Terric was still casting the last part of the spell, the Refresh that would keep Tangle and Rebound working even if they were triggered more than once.

It wasn’t that difficult of a spell to cast, although it took a steady hand to thread it through the other two spells that pulsed in deep blue and red weaves hovering above the floor.

The Refresh spell poured out from his fingers like thin ribbons of green that planted deep into the flooring, then stretched up to catch hold of the red and blue Tangle and Rebound before sinking back into the floor again.

It was literally like watching someone hand stitch a patchwork quilt together. And Terric was indeed taking his time to make sure that every connection held and was tied off.

At this rate, he’d be done in a few seconds. Almost every red and blue line had a green ribbon connected to it.

I rubbed my sore finger with my thumb, wishing Terric would hurry up. We had three more wells to hit and the Seattle people were getting closer with every minute.
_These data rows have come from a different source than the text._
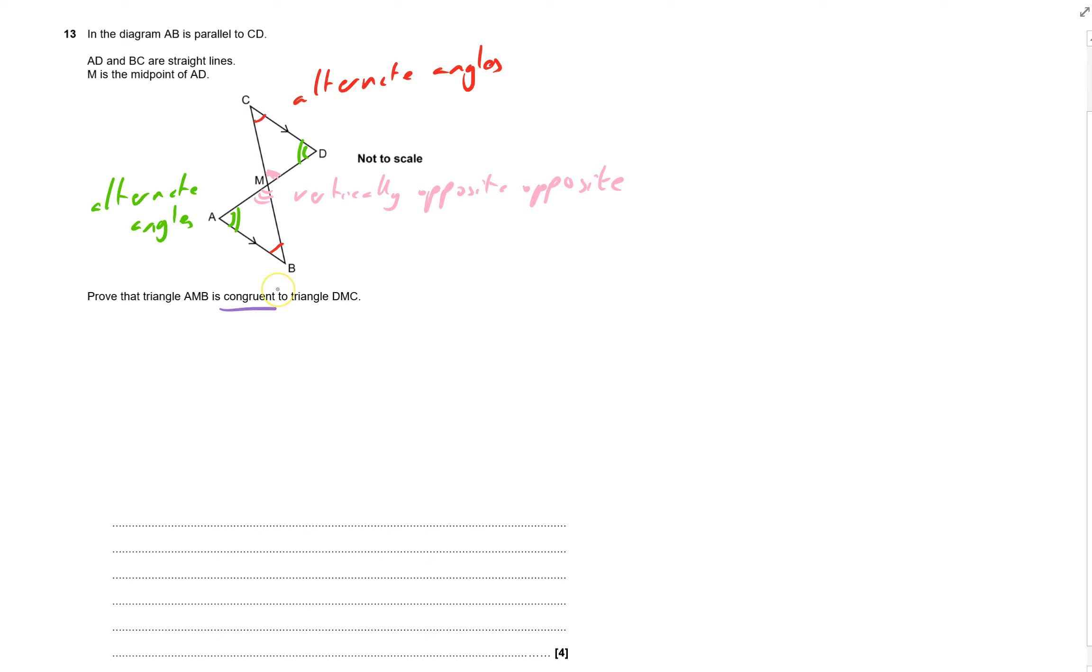Because for congruent, they have to be the same, have all the angles the same and all the lengths have got to be the same. I just need one more thing.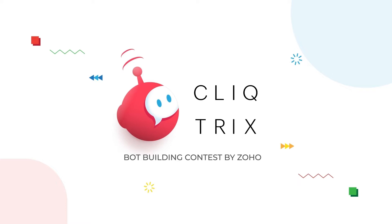Hey tricksters, ZohoCliq is back with CliqTrix 2023. CliqTrix is an app building contest by Zoho where students can show off your coding skills and build real-time apps on the Zoho messaging platform. In this video, we'll be briefing you about how to register yourself for the contest and get started.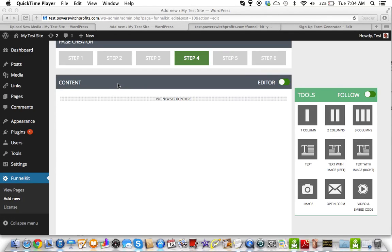Danny Forts with the Rejection-Free Formula. No calling, no chasing, no convincing. In this video we're going to cover step four of using FunnelKit.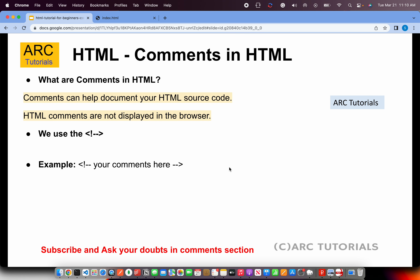Today we are learning about comments. So what are comments? Comments help us document our code — they are meaningful messages we write so that it's easy to understand and easy to process for anybody new who is looking at our code. When we add comments, they are not displayed in the browser, but you can see them in the source code.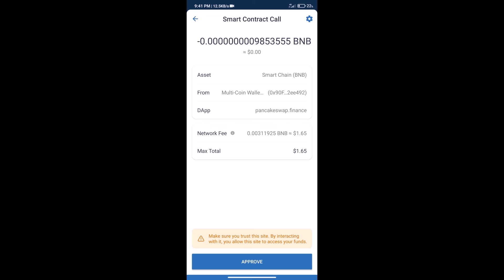After that, we will click on approve, and finally we will get this token successfully. So guys, I have only shared the technical process, not financial advice. Invest in cryptocurrency at your own risk. Thanks for watching.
It made me itchy. I knew closing down the wells and making sure that no one, not the crew from Seattle, and hopefully, not anyone else Leander and Isabelle sent this way—including Leander and Isabelle—would be able to access magic.

Still, I wondered how the Hounds were doing, if anyone had been hurt, if they were staying one step ahead of the smart and powerful magic users from Seattle coming to Close us, kill us.

And I wondered if everything else was going according to the very hasty plan we’d thrown together. Had the
hospitals been warned in time to switch to electricity only? Was the lack of magic causing fewer people to get sick, or was it making people angry, or vulnerable?

It didn’t take much of a stretch of the imagination to think that the city that had been bathed in magic for the last thirty years might be a little restless without it.

There could be riots, looting.

A phone rang. It took me until the second ring to realize it was coming from my pocket. I dug it out, didn’t recognize the number, answered anyway. “This is Allie.”